Il trapianto è stato eseguito da un'èquipe coordinata dal chirurgo Massimo Abelli e dal nefrologo Carmelo Libetta. Il paziente, Luigi Tarallo, sta bene ed è ricoverato nel reparto di Rianimazione per affrontare il decorso post-operatorio. Il donatore era un uomo di 60 anni.
Sono in costante miglioramento anche le condizioni di un altro paziente napoletano, Fortunato Ehrard, 33 anni, che pochi giorni prima di Natale ha ricevuto un rene dalla madre. Un trapianto da vivente, una casistica ancora ristretta in Italia. Al San Matteo si trattava del secondo caso, dopo quello avvenuto nell'aprile scorso anche in quell'occasione tra madre e figlia.
Ora - a distanza di circa tre setimane dal secondo intervento - sia il figlio sia la mamma, Anna Ioia, hanno superato l'intervento senza complicanze. «IL decorso è buono - conferma Massimo Abelli, che coordina il centro di trapianto del rene del policlinico -. Si sono fermati a Pavia per potersi sottoporre a controlli ogni due giorni». Hanno trascorso le feste a Pavia e, dopo anni di malattia, è stato un Natale più sereno: Fortunato Ehrard è stato raggiunto anche dalla moglie e dal figlio di 3 anni. Resta ancora un sogno da realizzare: riavere il posto di lavoro. Era uno dei 2200 dipendenti di Eutelia e da luglio è senza stipendio.
Per il mese di febbraio al San Matteo si dovrebbe eseguire il terzo trapianto di rene da vivente: il ricevende è un giovane di 20 anni e viene dal Sud.

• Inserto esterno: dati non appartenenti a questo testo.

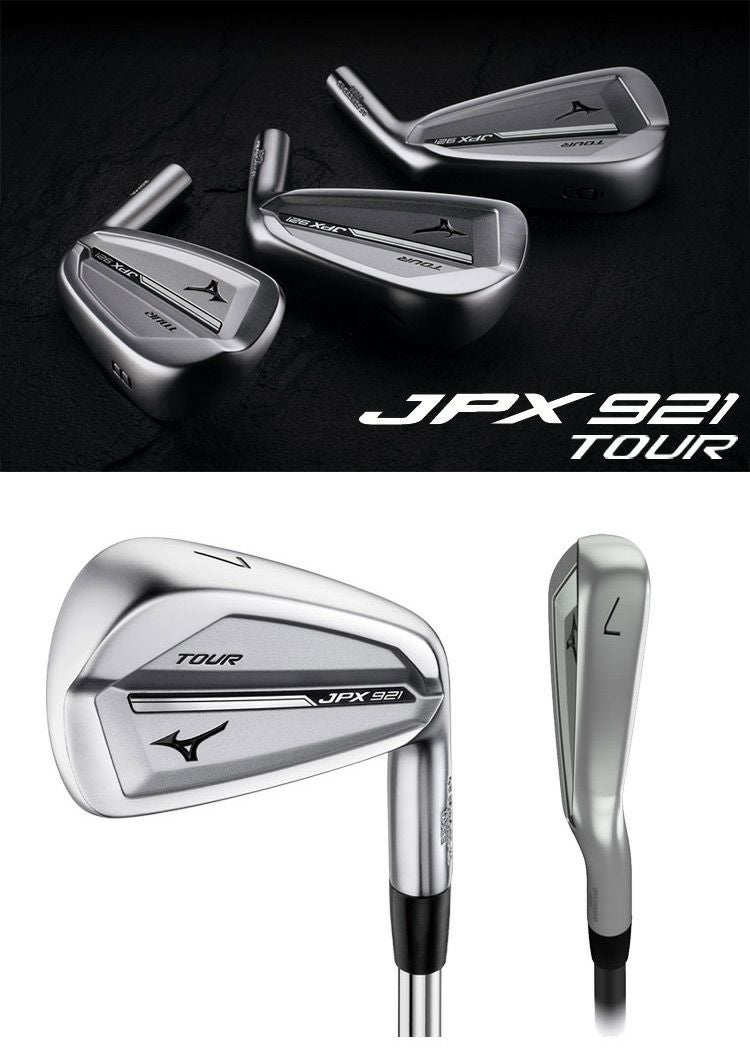 ミズノ_MIZUNO_JPX921_アイアン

Luigi Tarallo, il primo trapiantato del 2010 a Pavia, è partito invece la notte di San Silvestro dall'aeroporto di Capodichino, con un aereo militare. E' stato svegliato prima di mezzanotte da una telefonata dei medici del San Matteo: «C'è un cuore disponibile». Entro le 7 di venerdi mattina Tarallo era al San Matteo, accompagnato dalla moglie Anna Esposito, 42 anni, a bordo di un'ambulanza della Croce Verde che ha fatto la spola tra lo scalo di Milano Linate e il policlinico.
L'uomo, che si era sottoposto a una dialisi pre trapianto all'ospedale di Castellammare, è entrato in sala operatoria e ne è uscito diverse ore più tardi. (m.g.p.)